SHERTOK CRITICIZES REVISED VERSION OF BRITISH RESOLUTION; CITES ITS FAULTS

Israeli Foreign Minister Moshe Shertok later criticized the revised version of the British resolution as drafted today by the Political Committee. He insisted that a careful reading of the draft resolution reveals that Britain is proposing to attribute equal value to the U.N. partition resolution and the report of the late Count Folke Bernadotte. Another point, he said, is that the British propose to abolish the mediator’s post but at the same time suggest setting up a conciliation commission which would take over the mediator’s duties and functions.

The British proposal as to the future status of Jerusalem and the problem of the Arab refugees also was unacceptable to Israel, Shertok said. He criticized the provision that would give the projected commission powers to decide the fate of Jerusalem and to appoint a governor for the city, even before making a report to the next meeting of the U.N. General Assembly. The British resolution also suggests permitting Arab refugees to return to Israel before peace is concluded, he pointed out.

The Israeli Foreign Minister revealed that Israeli observers at the United Nations session were not maintaining any contacts or conducting any negotiations with the British delegation except as to the future of 11,200 Jewish refugees who have been detained at Cyprus as “illegal immigrants to Palestine” by Britain.

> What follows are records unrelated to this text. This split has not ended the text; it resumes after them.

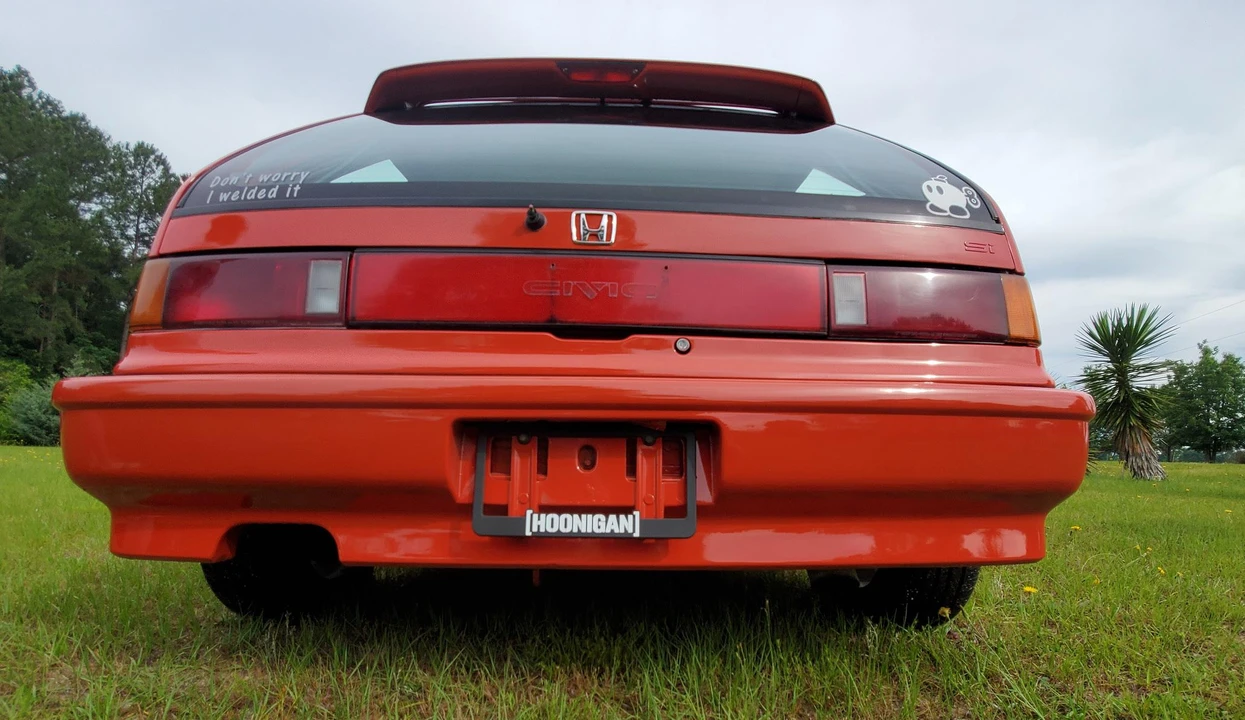 1989 Honda Civic Si 4th Gen - Image 17 of 31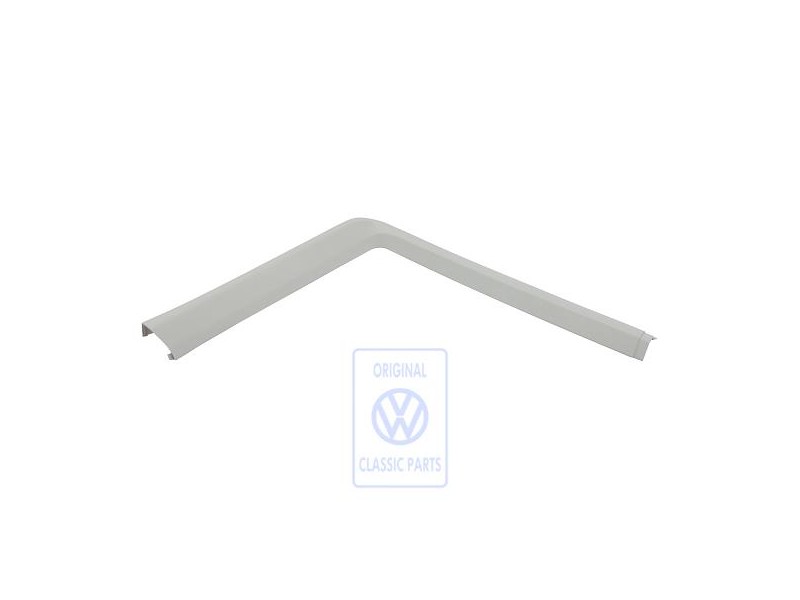 Genuine VW Rear Lid Trim Panel Pearl Grey - 7D0867628B Y20
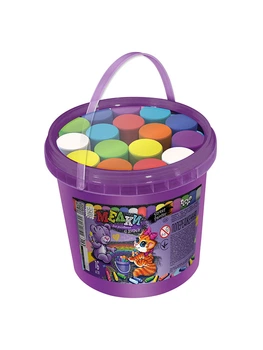 Крейда кольорова, 16 штук DANKO TOYS (MEL-03-01)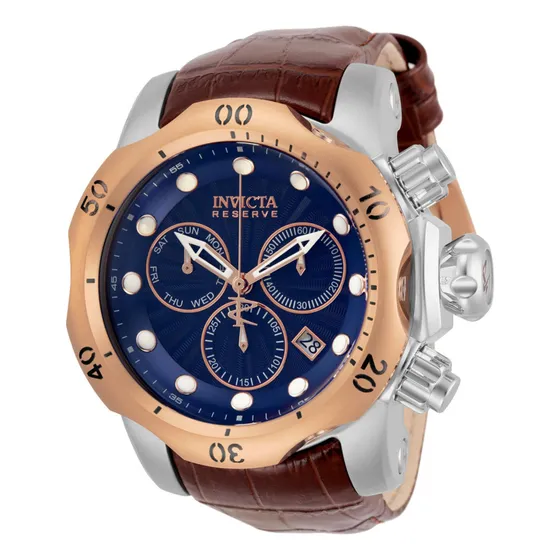Reloj Para Hombres Invicta Reserve 32957 Marrón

At the afternoon session, Israeli representative Aubrey S. Eban said that the state of Israel does not exist because of a fait accompli, as some Arab representatives have tried to imply. “This is nothing but a grotesque distortiin of fact,” he said. “The state of Israel was called into existence by the international community of the world and the people of Israel answered that call.

“Today harmony exists between the will of the General Assembly and actual fact in Israel,” Eban said. “On the other hand, the Egyptian occupation of Gaza is nothing but a fait accompli. At this stage of the discussion I believe the Arabs are wasting time when they try to imply that the state of Israel came into existence by the sheer use of force and is today a fait accompli. The state of Israel is the expression of the will of the Assembly.”

SOVIET DELEGATE SAYS U.S. AND BRITAIN SEEK TO WEAKEN ISRAEL

Soviet delegate S.K. Tsarapkin criticized the revised British resolution. He said that there was complete agreement between the United States and Britain to weaken as much as possible the state of Israel and strengthen by territorial acquisitions the “puppet kingdom of Transjordan.” He also made it clear that any solution placing Palestine territory under King Abdullah of Transjordan–even with Israeli consent–would be opposed by the Soviet blue. The delegates from the Ukraine and Byelorussia declared that in their view the original U.N. partition resolution alone should be the basis of any new resolution on Palestine.

The first reply from an Arab state to the Security Council’s armistice resolution was received morning from Saudi Arabia. The reply was non-committal and restrained in tone. The Saudi Arabians merely expressed their desire to emphasize that the Palestine problem “is a serious one,” and went on to state that if it were not solved “according to principles of right and justice,” it would lead to “unexpected developments of far-reaching and unlimited calamities.”